OFM_PATH Path to the OFM library of open-source VHDL components. Currently set to /src/ofm/
CARD_BASE Path to the subfolder of the built card. Currently set to /cards/<card_name>/
CORE_BASE Path to card-independent sources. Currently se to /src/

Various other constants/parameters for VHDL design configuration (like the PCIe module setting, the DMA module type or the amount of DMA channels) are passed throughout the build files. The description of them can be seen in the configuration files described above (the files should be examined from the top to the bottom).

Programming the FPGA

The build of a design results in a generation of a bitstream file (*.bit). This file is generated in the same directory as the top most Makefile. The FPGA cards can be programmed using the JTAG port and Vivado Hardware Manager. Some devices can support programmig using nfb-boot tool provided by the ndk-sw software stack. This programming mode allows to program devices directly through the PCIe interface without using external JTAG cable. Information about the support of this feature can be found in the README.md files by each card.

Software stack

The ndk-sw software stack provides a nfb Linux driver, libnfb library and basic testing tools to be able to interact with the design and to develop custom application using it. Unless you have already installed the newest version of the package on your machine, the build instruction for a package can be found on the repository page. The supported platforms are, mainly, RHEL and Ubuntu; experimentally, there is a support for ArchLinux-based distributions.

The /sw/ directory contains basic C programs to send/receive data in using the DMA Calypte engine with the provided software stack. The code has been throughly commented to provide detailed knowledge about the intialization as well as about the data transport. During the data transport the order of bytes is retained throughout the system meaning bytes sent on the lower bits of the bus word in the FPGA are received first and are available as first in the host, referenced by the data pointer in the ndp_packet packet structure in the software (see the provided C programs pkt_send.c and pkt_receive.c to get it more clear). From the software point of view, the entire communication architecture behaves as one large FIFO in each direction where data can be independently read from or written to.

Be sure to always compile the specific code using the -lnfb flag. In order to attain this switch, the ndk-sw libnfb C library needs to be installed on the system.

# Example of a compilation of a custom program
gcc pkt_receive.c -o pkt_receive.bin -lnfb

FPGA firmware description

The block scheme of the FPGA firmware can be seen in the following figure:

Basic architecture

Basic architecture view of the design

PCI Express module

The FPGA firmware consist of multiple parts from which the most important is the PCIe module. This module encapsulates the UltraScale+ Device Integrated Block for PCI Express (PCIe) IP core that shadows the complexity of the PCIe protocol. The IP provides the AXI-Stream interface which different devices can use to communicate. The IP is configured as an Endpoint meaning it has to be discovered by the host in order to be operational. The data transmitted over the PCIE are split into two flows, the control flow and the data flow.

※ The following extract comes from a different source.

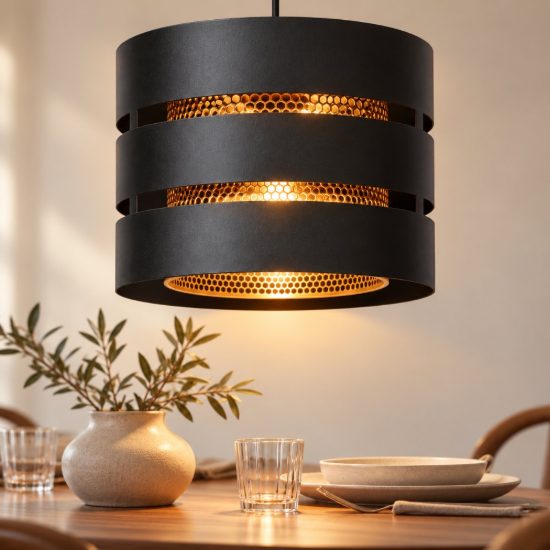 Lampadario a sospensione a cilindro per soggiorno contemporaneo nero oro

  • The control flow is communicated throughout the design over a memory-mapped interface called MI. This interface is normally used to access the Configuration and Status (C/S) registers of various components in the firmware. This implies the existence of Master in the bus hierarchy which is the host (more specifically the software process) which manages the accelerator card. The interface can be also used for limited send of data from the host to the FPGA firmware (The "limited" keyword comes from two properties, namely the width of the bus, which is 32 bits and the frequency of its driving clock, which is set around 100 MHz).
  • The data flow is used to transmit large amounts of data in both directions, that is Host-to-FPGA (H2F, in the source files called TX) and FPGA-to-Host (F2H, in the source files called RX) at the same time (the communication is full-duplex). For that, a pair of communication busses is established (one in each direction). Each of them adheres to the specification of the MFB which is an improved AXI-Stream-like streaming interface. The communication speed of this interface can theoretically reach up to 16 GBps and generally depends on the configuration of the PCIe Endpoint. A current default version runs on speeds reaching ~4 GBps (not very optimized version, I know) on the interface capable of theoretical 8 GBps of communication speed. This is the result of the interface configuration, in this case having a width of 256b@250MHz. The 16G variant is a configuration with a bus width of 512b@250MHz.

DMA engine

The communication over the PCI Express cannot happen out of a blue since writes to the restricted memory ranges can happen (The PCIe devices operate on physical address space). Therefore, a DMA engine has been created over the PCIe interface to control the data flow. This engine communicates with the rest of the FPGA firmware using communication units called packets (sometimes also called frames but usage of this name is discouraged) of variable size. This size can be in range between 60 B to 4096 B. Each packet is accompanied by metadata such as its length in bytes and the channel on which it is transmitted. Each direction of the data flow has its specific amount of virtual channels ("logical" means they all share the same bus). Each direction is therefore controlled by a separate controller of which every channel can be independently turned on and off. When a channel is turned off it does not transmit data and packets that arrive on it are dropped.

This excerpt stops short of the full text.